Records:
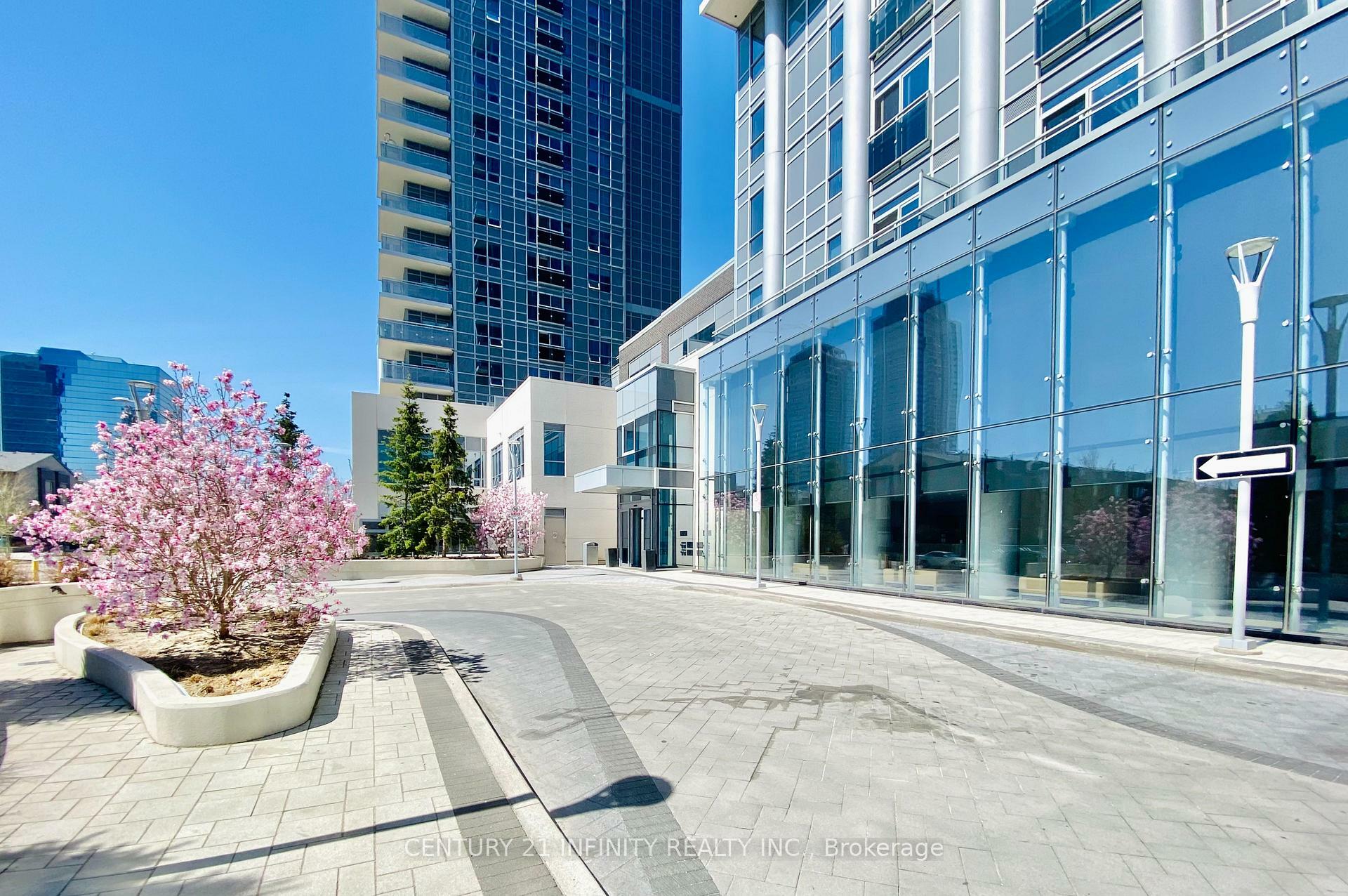Photo de la propriété: 275 Village Green Square 625 ON M2S 0L8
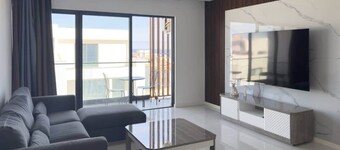 Bright 2-bdr apt, Cidadela, rooftop pool - LCGR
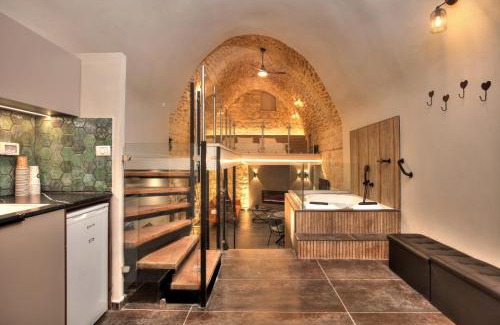 Artists Colony Casa | אבנים טובות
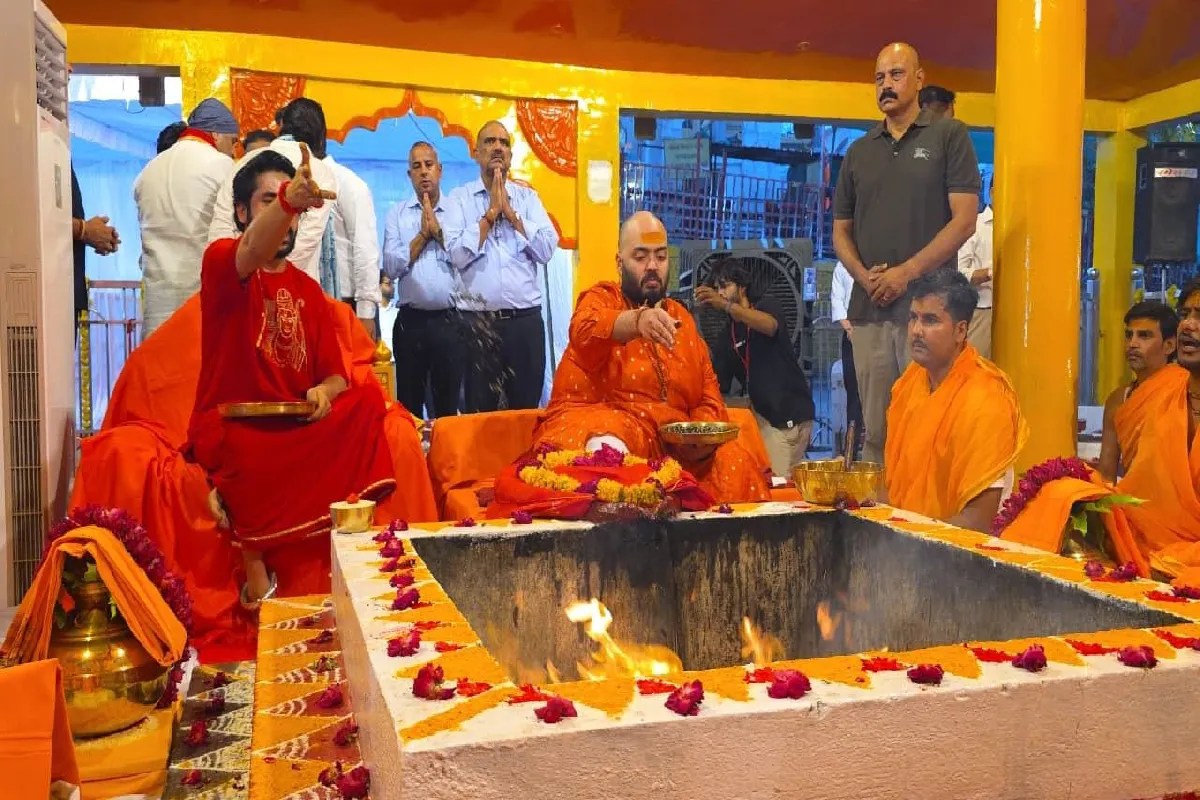Anant Ambani performed a Yajna Havan at Bageshwar Dham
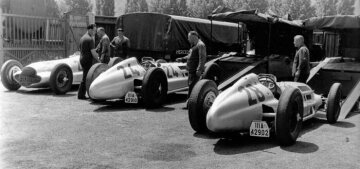 Großer Preis von Frankreich, Reims, 03.07.1938. Drei Mercedes-Benz 3-l-Formel-Rennwagen W 154 an den Mercedes-Benz Lkw – Pritschenwagen, Transporter der Rennabteilung.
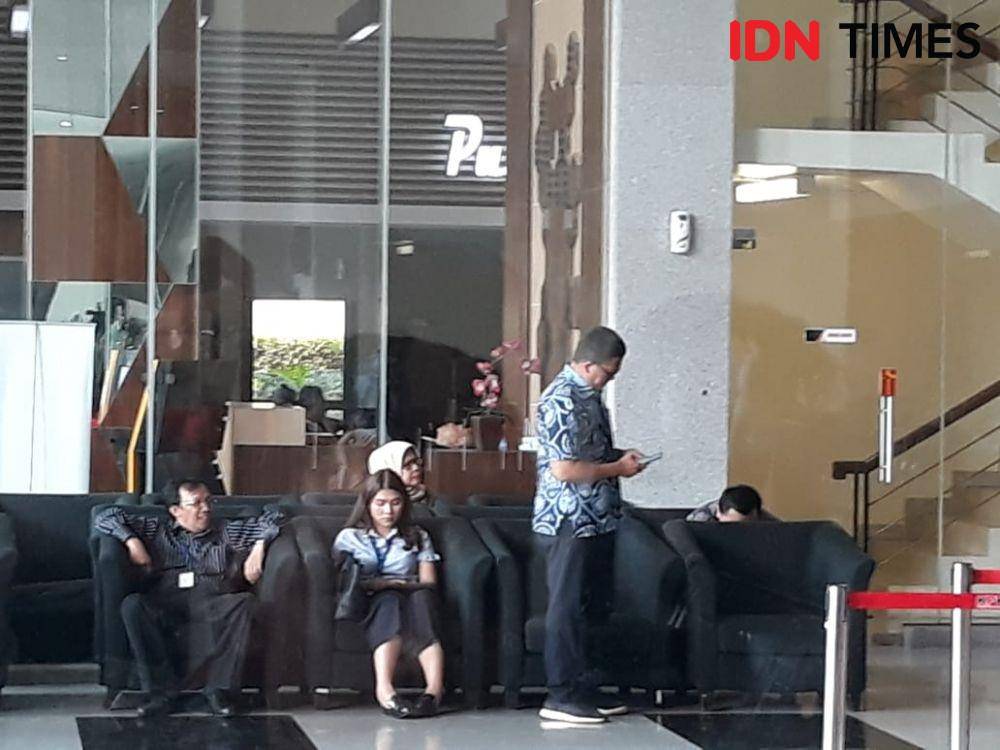 Dirut Jasa Marga Desi Arryani penuhi panggilan KPK (IDN Times/Fitang Budhi Adhitia)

Directions: To answer, repeat exactly the lines from the line containing "Großer Preis von" through the last line of the data above, leaving out all pictures.

Task output:
 Großer Preis von Frankreich, Reims, 03.07.1938. Drei Mercedes-Benz 3-l-Formel-Rennwagen W 154 an den Mercedes-Benz Lkw – Pritschenwagen, Transporter der Rennabteilung.
 Dirut Jasa Marga Desi Arryani penuhi panggilan KPK (IDN Times/Fitang Budhi Adhitia)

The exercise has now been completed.